Authors: Elbshbeshi, Abdelhamid1 (AUTHOR), Mohamed, Abdelmonem1,2 (AUTHOR), Ibraheem, Ismael M.1,2 (AUTHOR) ismael.ibraheem@geo.uni-koeln.de
Source: Remote Sensing. Apr2026, Vol. 18 Issue 8, p1138. 38p.
Subjects: Pyramids, Digital twin, LIDAR, Deterioration of buildings, Geomatics, Historic preservation, Preservation of historic sites
Geographic Terms: Saqqārah (Egypt), Egypt
Abstract: Highlights: What are the main findings? Integrated Terrestrial Laser Scanning (TLS), GNSS, and Total Station techniques produced sub-centimeter georeferenced 3D models of the Djoser, Unas, Teti, and Userkaf pyramids, generating over 2.1 billion high-resolution points with registration errors below 4 mm. Quantitative analysis revealed major structural degradation, including height losses of ~53% (Unas), ~66% (Teti), and ~63% (Userkaf), and localized deformation up to 4.2 cm at Teti's southern flank. What are the implications of the main findings? The generated georeferenced digital twins establish an accurate baseline for long-term deformation monitoring, structural stability assessment, and climate-related risk evaluation at large archaeological sites. The integrated geomatics workflow provides a scalable and transferable framework for high-precision documentation and conservation planning of complex heritage structures worldwide. Accurate 3D documentation of large and complex structures is essential for long-term stability assessment, structural monitoring, and conservation planning, particularly for heritage sites exposed to environmental and anthropogenic threats. This study develops an integrated workflow combining Terrestrial Laser Scanning (TLS), Global Navigation Satellite System (GNSS), and Total Station geodetic control for large-scale, high-precision documentation. The approach was implemented at the Saqqara archaeological zone, a UNESCO World Heritage Site facing significant deterioration risks, to document four major pyramids: Djoser, Unas, Teti, and Userkaf. More than 2.1 billion georeferenced points were acquired from 16 scan positions with sub-centimeter registration errors and overall geometric accuracy better than ±1 cm. From these datasets, detailed mesh models, orthoimages, Digital Elevation Models (DEMs), contour maps, and 2D plans were derived.
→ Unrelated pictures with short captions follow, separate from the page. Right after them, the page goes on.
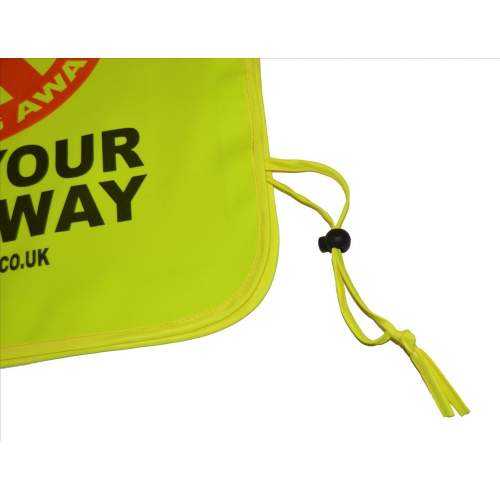 Keep Your Dog Away - Fluorescent Neon Yellow Tabbard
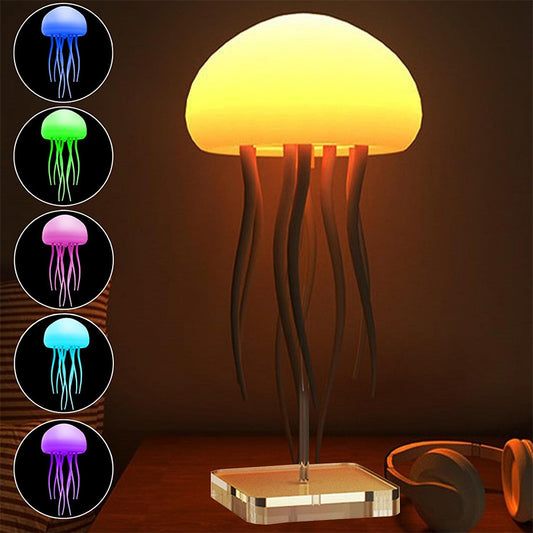 Jellyfish Mood Lamp – LED Jellyfish Night Light | Portable Smart Jellyfish Lamp for Bedroom, Desk & Home Decor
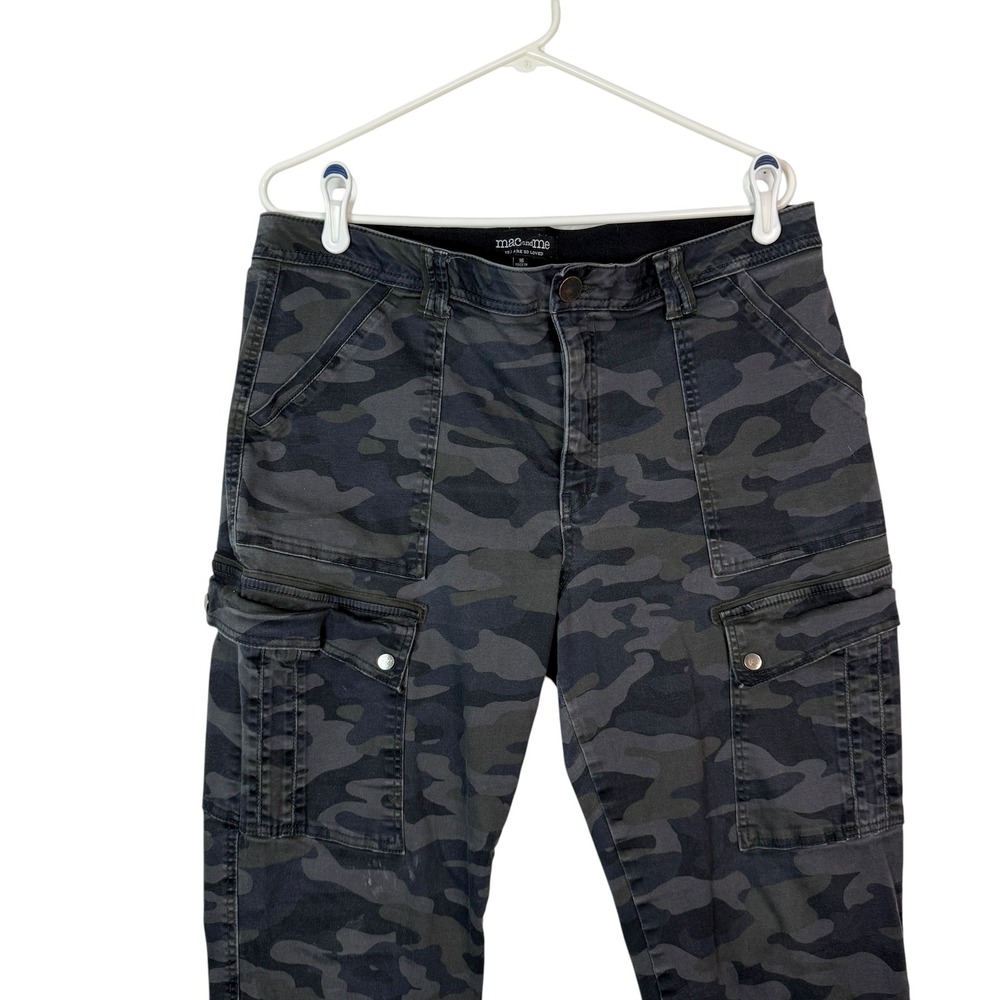 Mac and Me Camo Cargo Pants Jogger Style Ankle‎ Elastic Waist Pockets Sie 16 - Picture 4 of 16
These enabled quantitative analyses of height loss and volumetric change, indicating severe structural degradation in Unas (~53%), Teti (~66%), and Userkaf (~63%), as well as localized deformations such as 4.2 cm displacement at Teti's south flank. The degradation results from environmental factors and anthropogenic influences. Beyond this case study, the workflow proves that integrated TLS documentation can be applied to large and complex structures, supporting deformation monitoring, stability assessment, and digital twin development. [ABSTRACT FROM AUTHOR]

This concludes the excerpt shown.